MATERIAL SUPPLIED >>
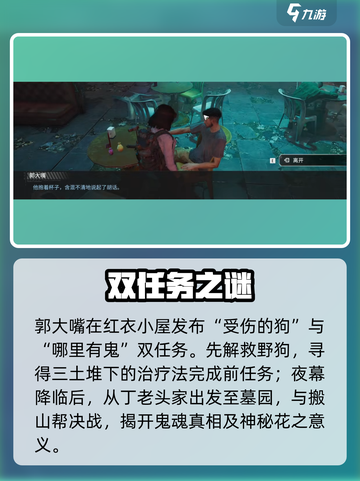 《破碎之地》希望镇隐藏任务🔥截图5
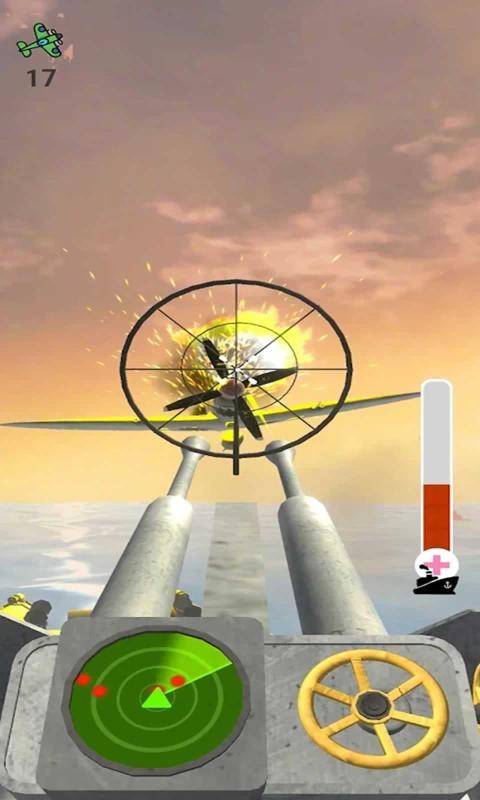 防空機槍3D截圖(4)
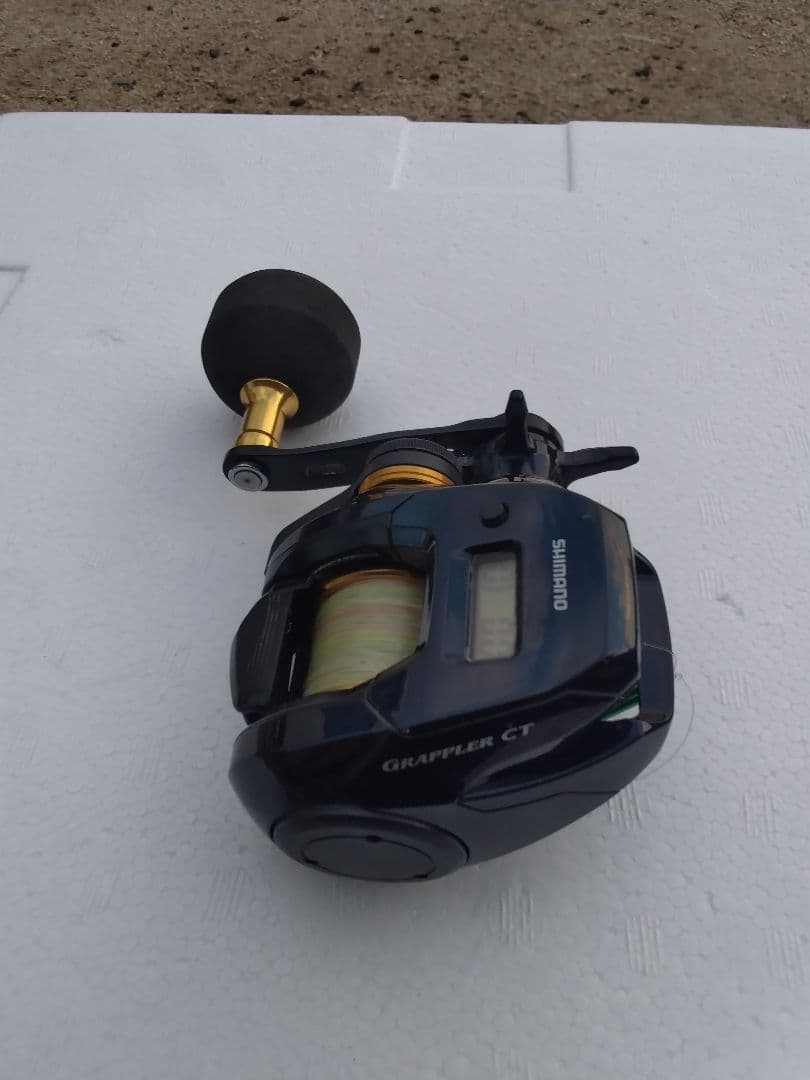 リール GRAPPLER CT 151XG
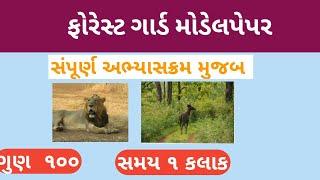 Forest guard model paper in Gujarati van rakshak model paper in Gujarati 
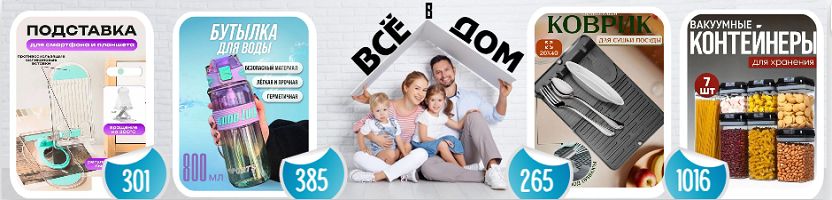 Всё в дом! Спортивная бутылка 800 мл - 385 руб. Подставка для телефона 301 руб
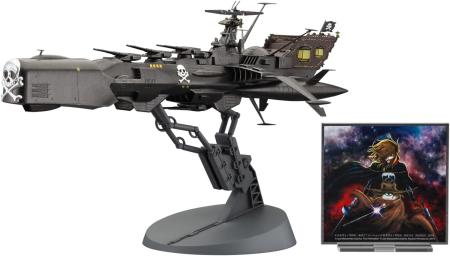 Hasegawa Creator Works Series Space Pirate Battleship Arcadia Third Ship (Improved) Assault Type w/Acrylic Stand Figure 1/1500 Scale Plastic Model 64815 (Spaceship)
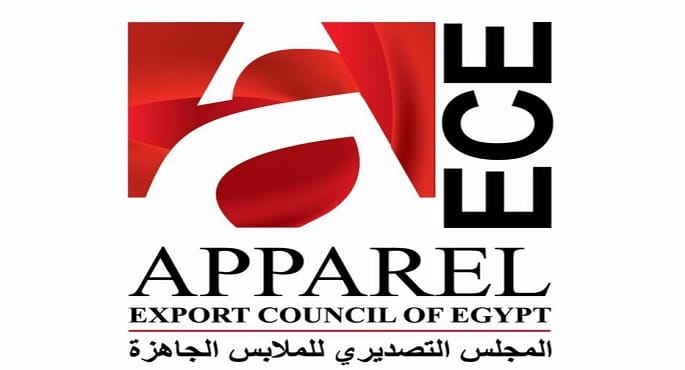 صادرات الملابس الجاهزة المصرية تسجل نمواً بنسبة 11% في يناير 2026
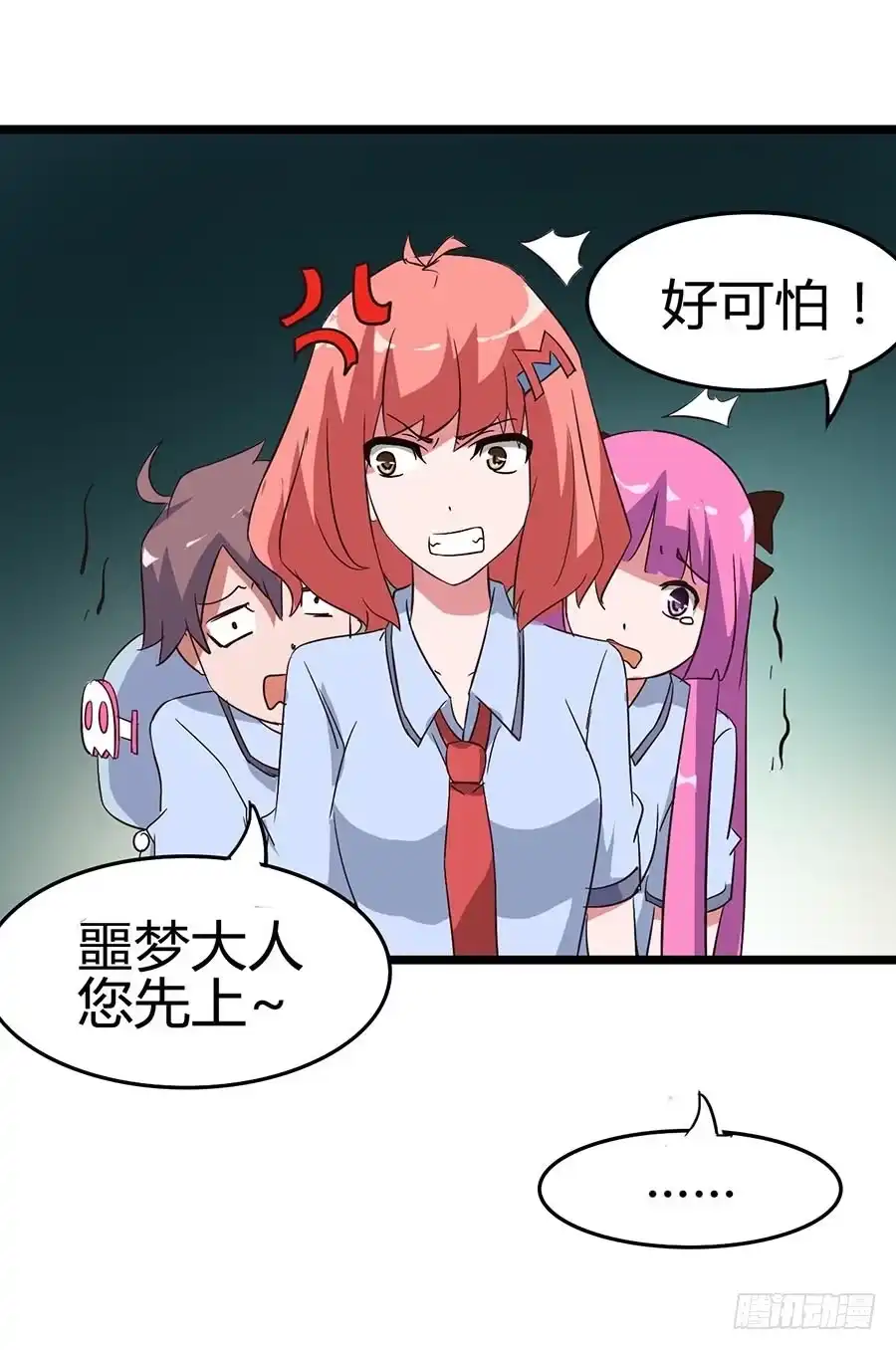 第20页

DESCRIPTION OF THE TASK >> Each line from the one containing "リール GRAPPLER CT 151XG" down to the final line of the records above must be reproduced exactly; no pictures go into the copy.

SOLUTION TO THE PROBLEM >>
 リール GRAPPLER CT 151XG
 Forest guard model paper in Gujarati van rakshak model paper in Gujarati 
 Всё в дом! Спортивная бутылка 800 мл - 385 руб. Подставка для телефона 301 руб
 Hasegawa Creator Works Series Space Pirate Battleship Arcadia Third Ship (Improved) Assault Type w/Acrylic Stand Figure 1/1500 Scale Plastic Model 64815 (Spaceship)
 صادرات الملابس الجاهزة المصرية تسجل نمواً بنسبة 11% في يناير 2026
 第20页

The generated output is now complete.